Filibuster-riddled democracy
By Mike Pellicio
WASHINGTON
With President Bush's nomination of Federal Appeals Court Judge Samuel Alito to the Supreme Court, we seem to have on our hands the scenario left-wing senators, pro-choice partisans, racial discrimination whistle blowers, and ostentatious atheists who have been licking their lips for years. Alito is everything these people have sworn to destroy: a conservative, religious, white, male Supreme Court nominee with a substantive paper trail.
The Democrats will ask nagging questions, make a lot of noise, oppose the nomination, but ultimately allow a vote, in which case Alito gets confirmed fairly easily. This is the respectable thing for the party to do. But why has this motley crew of disgruntled radicals and their supporters been anxiously awaiting this day since Bush's first inauguration? Because their plan is the disrespectable thing to do: filibuster Alito into oblivion.
To address this problem, the always-useful Senator John McCain brought together a "Gang of 14," seven moderate senators from each party, who decided that the filibuster was a terrible idea in all but "extraordinary circumstances."
It's clear that the current circumstances are fairly ordinary. Alito's conservatism makes him neither extraordinary nor unqualified. Liberalism also fails to disqualify a judge, as we have seen with the passing of President Clinton's liberal nominations, Stephen Breyer (87-9) and Ruth Bader Ginsburg (96-3). The latter was the director of the American Civil Liberties Union Women's Rights Project. Only three conservative Republicans voted against her.
Given these precedents, the opposition of the clearly qualified new Chief Justice John Roberts (who passed, 78-22) seems unusually strong. Democrats seem more hesitant to confirm conservative judges. But will this lead to a filibuster?
It might, although it shouldn't. The Democratic Party is already thought to legislate from the bench; opposing the up or down vote of nominees isn't going to help. Filibustering qualified judges on the basis of ideology is the most undemocratic maneuver possible.

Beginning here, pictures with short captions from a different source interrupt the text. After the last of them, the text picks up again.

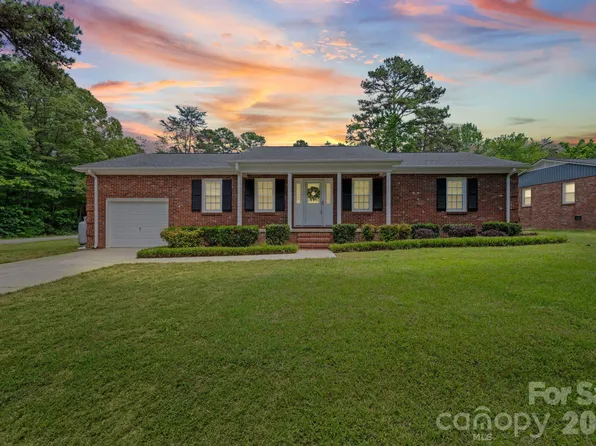 475 Pamela St, Salisbury, NC 28146
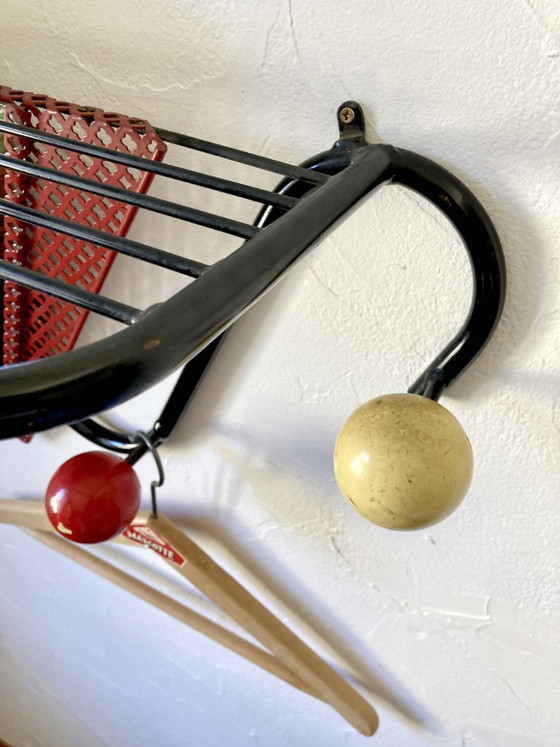 Image 1 of Wandkapstok, jaren 1950, toegeschreven aan Mathieu Matégot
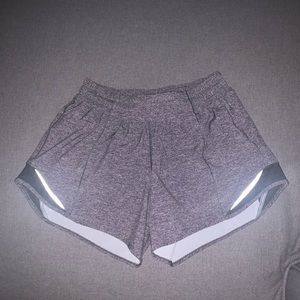 Lulu hotty hot shorts 4”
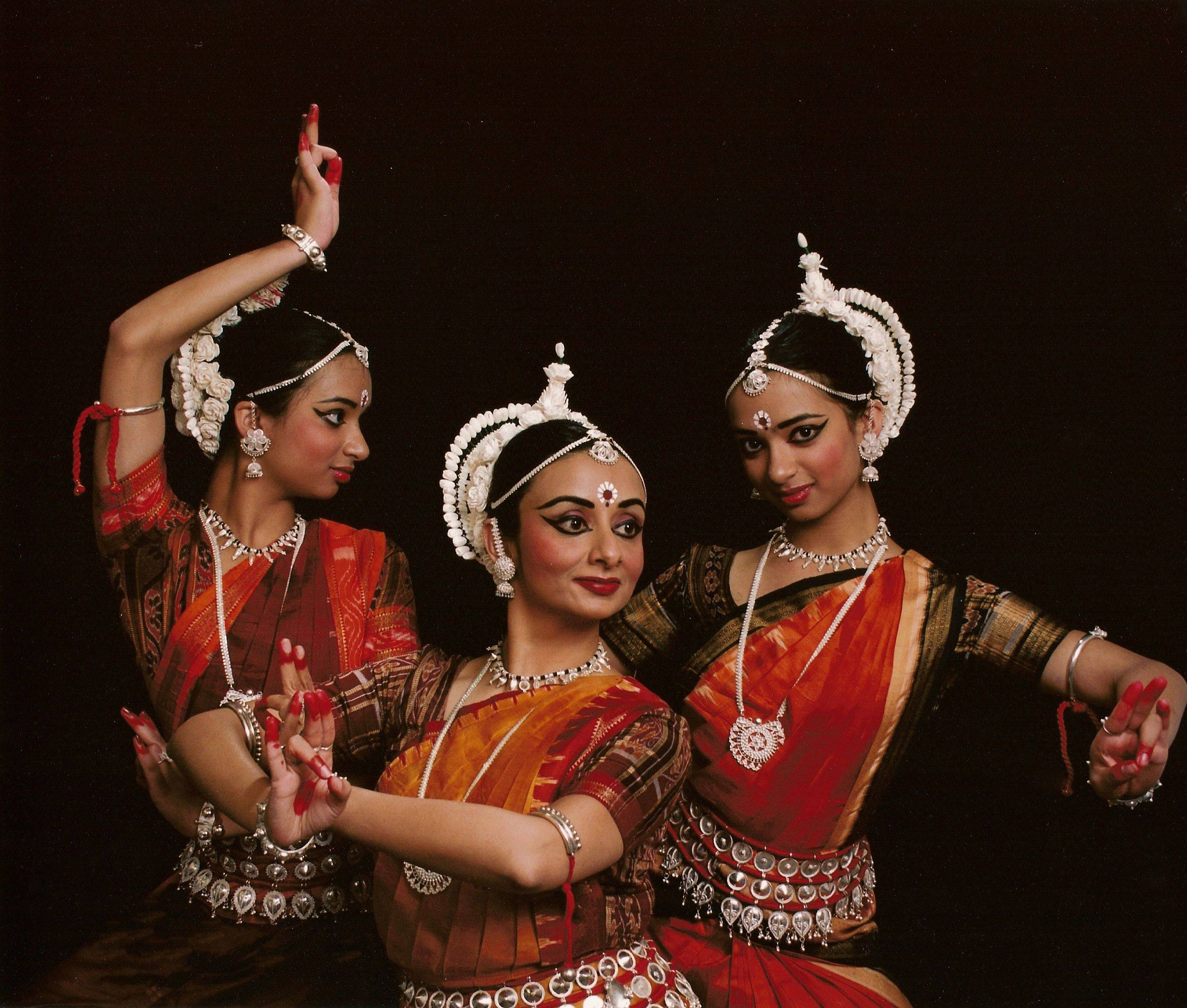 Индийский классический танецсодержание а также виды классических танцев [ править ]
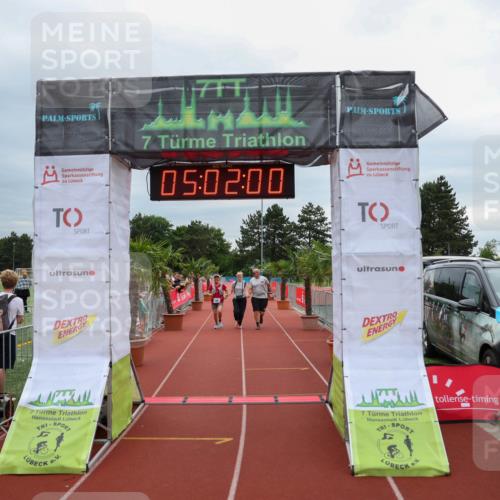 15.06.2025 - 7 Türme Triathlon Michael Strokosch http://msf.ph/oto/8011734 15.06.2025 15:02:00 Ziel 532 meine-sportfotos.de
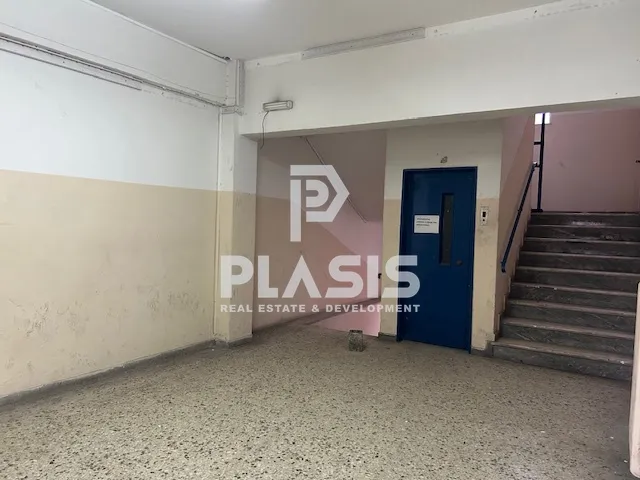 Αυτόνομο κτήριο γραφείων 3000τ.μ.  - 5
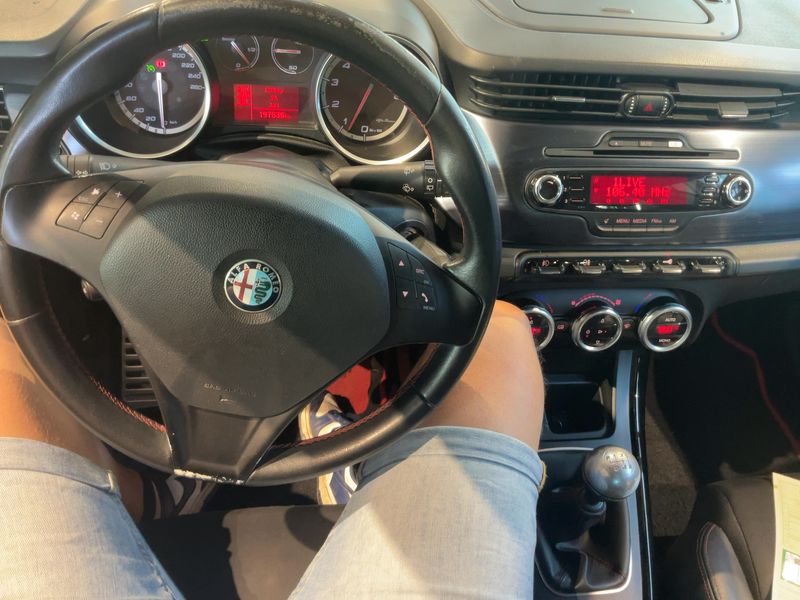 Alfa Romeo Giulietta 1.8 Turbo Quadrifoglio Verde 2010 – снимка 18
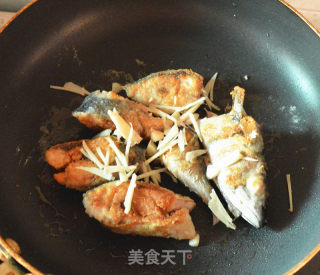 红烧鲅鱼的做法步骤：7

Alito has already passed through the Senate 100-0, twice. A filibuster would be a new low, even from senators who, with access to the same intelligence as President Bush, insist that he manipulated the CIA, the 15 intelligence agencies involved in gathering intelligence for Washington, as well as a half-dozen other countries, to illegally lead us into Iraq.
As the Democratic party tries to paint its counterpart as the party of corruption and conspiracy, it is dangerously becoming the embodiment of the filibuster: a hysterical minority unaccountable to the core principles of democratic debate.
Mike Pellicio is a junior political science major.